"Pelan-pelan.."
Aku mendudukkannya dengan sangat hati-hati, seolah-olah kalau aku salah gerak barang sedikitpun, aku akan melukainya. Setelah ia duduk, aku berlutut di hadapannya. Senyum getirku terukir. Entah bagaimana caranya, waktu begitu kejam. Menghunus segalanya dengan cepat, tanpa menyisakan sekeping memori yang berarti.
Dia, yang telah berjuang berbulan-bulan lamanya di rumah sakit, pada akhirnya ia sendiri menyerah. Kekuatan penyakit yang bersarang di tubuhnya, lebih kuat daripada kekuatan fisik serta mentalnya. Aku tahu, ia sudah berjuang semampunya, telah berusaha keras, meski hasilnya sama sekali bukan keinginanku, maupun dia.
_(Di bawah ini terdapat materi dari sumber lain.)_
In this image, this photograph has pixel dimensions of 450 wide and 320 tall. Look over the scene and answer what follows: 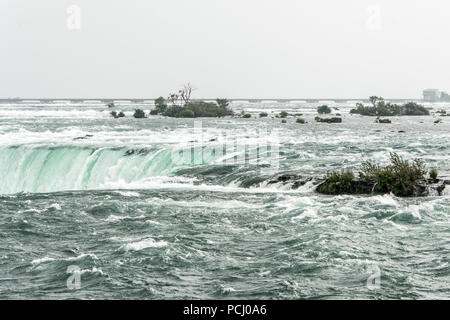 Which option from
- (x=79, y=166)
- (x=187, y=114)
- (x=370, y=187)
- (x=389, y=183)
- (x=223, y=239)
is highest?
(x=187, y=114)

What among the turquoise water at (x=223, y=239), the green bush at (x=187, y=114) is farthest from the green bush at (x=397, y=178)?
the green bush at (x=187, y=114)

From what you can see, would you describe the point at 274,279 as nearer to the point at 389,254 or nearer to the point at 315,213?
the point at 389,254

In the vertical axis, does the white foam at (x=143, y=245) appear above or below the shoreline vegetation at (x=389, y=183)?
below

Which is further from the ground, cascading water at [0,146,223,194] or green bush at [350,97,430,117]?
green bush at [350,97,430,117]

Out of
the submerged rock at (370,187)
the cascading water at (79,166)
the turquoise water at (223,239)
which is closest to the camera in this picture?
the turquoise water at (223,239)

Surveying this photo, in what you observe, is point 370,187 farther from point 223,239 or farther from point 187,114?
point 187,114

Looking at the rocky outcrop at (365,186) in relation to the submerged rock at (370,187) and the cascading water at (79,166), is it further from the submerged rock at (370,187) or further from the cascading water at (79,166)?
the cascading water at (79,166)

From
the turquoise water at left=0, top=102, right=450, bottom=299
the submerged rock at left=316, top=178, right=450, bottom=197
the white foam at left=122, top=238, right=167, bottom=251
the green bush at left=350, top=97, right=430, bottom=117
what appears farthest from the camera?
the green bush at left=350, top=97, right=430, bottom=117

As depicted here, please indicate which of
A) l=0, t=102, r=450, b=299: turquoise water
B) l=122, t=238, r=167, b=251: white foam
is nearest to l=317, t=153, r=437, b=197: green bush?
l=0, t=102, r=450, b=299: turquoise water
"Bagaimana? Apa kau senang sudah berada di frat lamamu? Kau tidak tinggal di rumah sakit lagi, sekarang.." aku bersuara parau, netraku menatap lurus netra kosong miliknya. Tatapannya nyaris benar-benar kosong. Binaran yang bercahaya itu kini telah redup, menyisakan kekosongan yang nyata.
Dengan gerakan lamban, seolah slow motion, Jenna -gadis itu- menundukkan kepalanya, melihatku beberapa detik. Terdiam sejenak, sebelum akhirnya membuka suara.
"Iya, aku memang suka dengan ruangan ini. Benar-benar nyaman."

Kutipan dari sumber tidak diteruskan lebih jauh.